They first things I thought when I ready the title was :"is there such a thing?" LOL! 

Check craiglist! I've seen lots of nice tanks dirt cheap but be careful about meeting a stranger fro the exchange PLEASE!!


----------



## Butterfly (Nov 13, 2012)

vilmarisv said:


> They first things I thought when I ready the title was :"is there such a thing?" LOL!
> 
> Check craiglist! I've seen lots of nice tanks dirt cheap but be careful about meeting a stranger fro the exchange PLEASE!!


Agree! LOL. I just ordered my guy a new tank, testing kit, etc. And I suppose that's the expensive part--assuming everything lasts/works. Hopefully he'll stay healthy and happy for the rest of his life. 
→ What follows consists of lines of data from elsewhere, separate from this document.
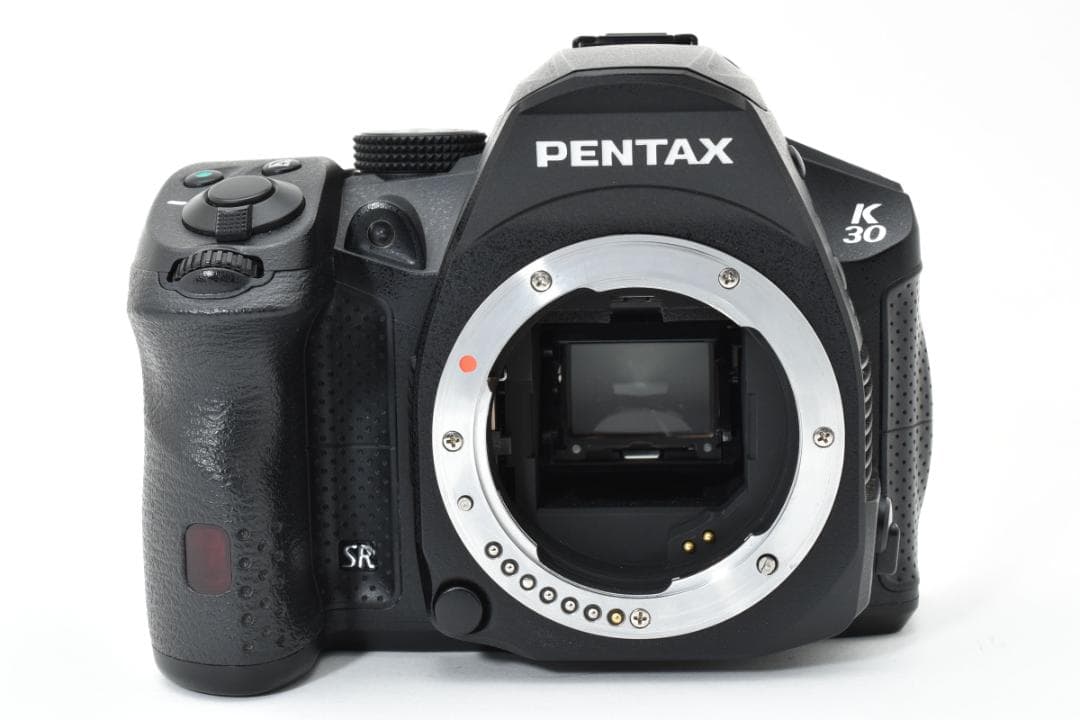 【シャッターOK】ペンタックス K-30 デジタル一眼レフカメラ 現状品 カメラ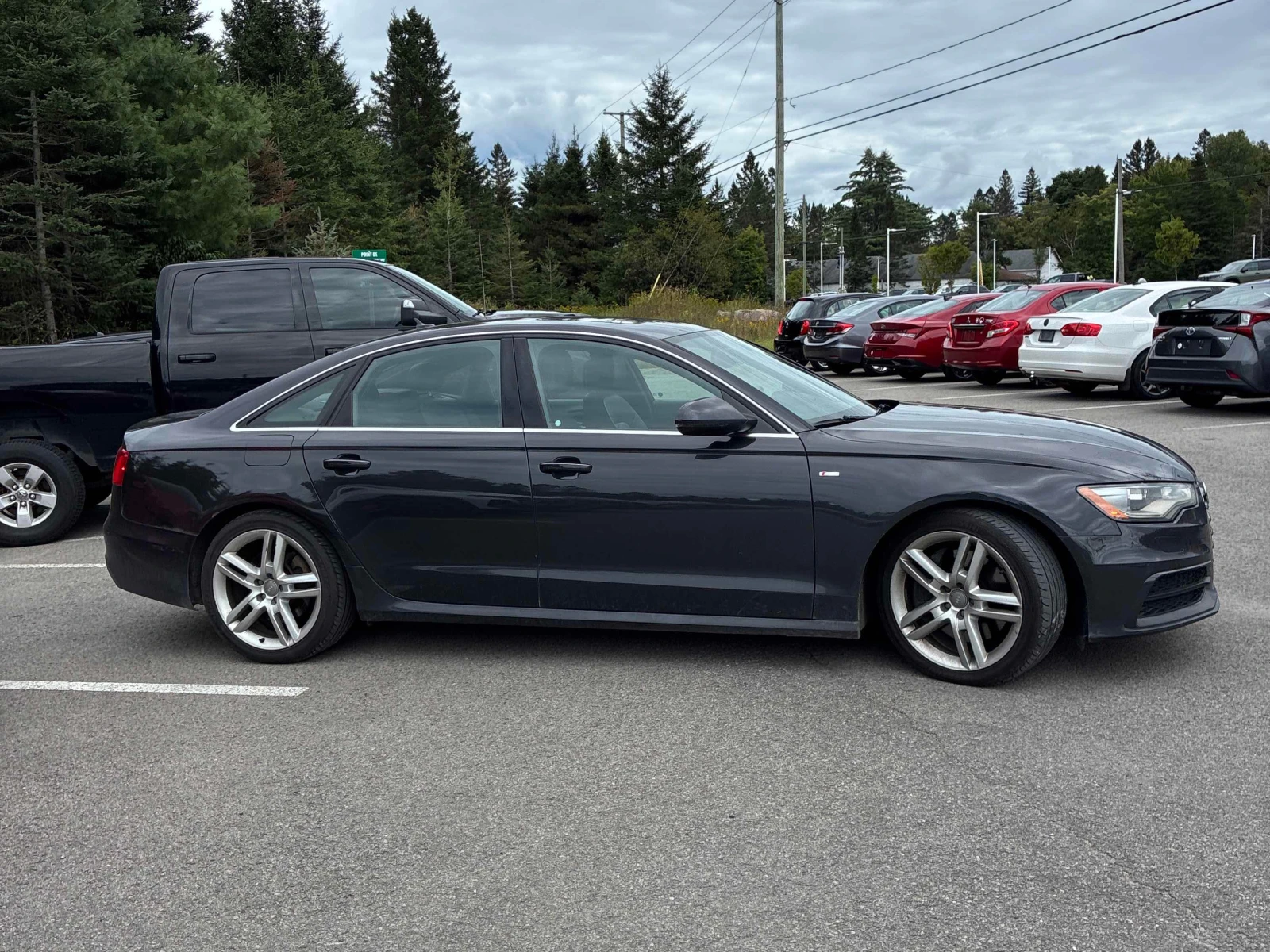 Audi A6 * 3.0T Progressiv * АВТОКРЕДИТ * , снимка 4 - Автомобили и джипове - 55960891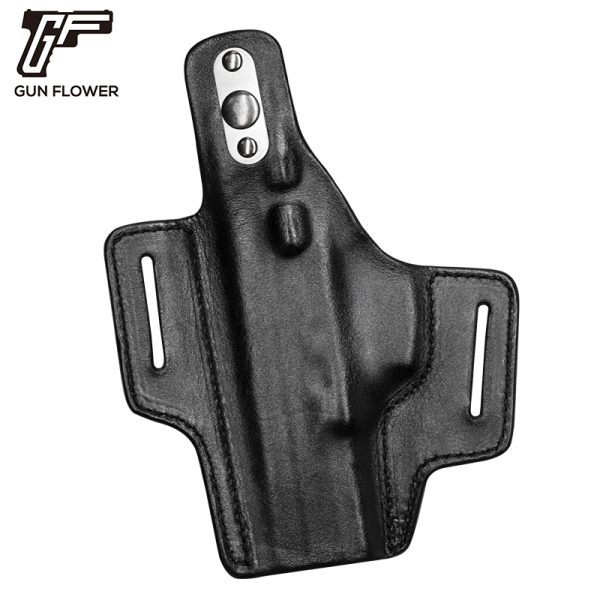 Funda para pistola de 2 ranuras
Look on Amazon. I just ordered all my stuff from there(API testing kit, tank+(filter and stuff)+lid, stress coat... They have really good deals! SOME things will be cheaper in your local petco/walmart/etc, but Amazon had a better price on the tank I wanted than petco did on their 'sale' day. + it comes right to my door so...  I bet you can find everything you need for $50 or less. You can get your water tested at a nearby petco. But that takes time and gas so IMO, the test kit is worth it.


----------



## Matilda (Apr 25, 2012)

*I've bought a ton of stuff from Kens Fish. They have really good prices & ship very fast. I just upgraded 2 of my boys to XL Kritter Keepers & they were only $13.45 each.*


----------



## ChoclateBetta (Jul 22, 2012)

For me I am not on a budget might even be getting IAL. Proper care in a budget and craigslist go great. Many Petcos have the dollar per gallon sale.


----------



## LoveMyCay (Nov 15, 2012)

I would suggest Walmart's Hawkeye 5 gallon tank..comes w/filter/food (I didn't use) and water conditioner. I purchased mines Monday for $27. 

*Con-the filter is too strong, so will require fine tuning ( haven't learn to fix it myself). 
*Pro- Walmart will accept a return on the tank even after you have opened and used the product if for any reason you are not satisfied. I am not sure on the time frame to return the item. 

And for the heater.. Petsmart has a sale starting Friday, so check them out in-stores. Just make sure you get a quality heater so you are not wasting your money trying to replace or upgrade. I am still determining if the one I have now is good. Also, please buy a floating thermostat. I purchased the one you stick on the tank ($2-Petsmart) and I do not think it is giving me an accurate reading. Now, I have to go out and buy a floating thermostat ($4-5 Petsmart, may can find cheaper at Walmart/Amazon). But, I can honestly say I wasted over $30 dollars on items I ended up replacing b/c of the quality :BIGcha-ching:. 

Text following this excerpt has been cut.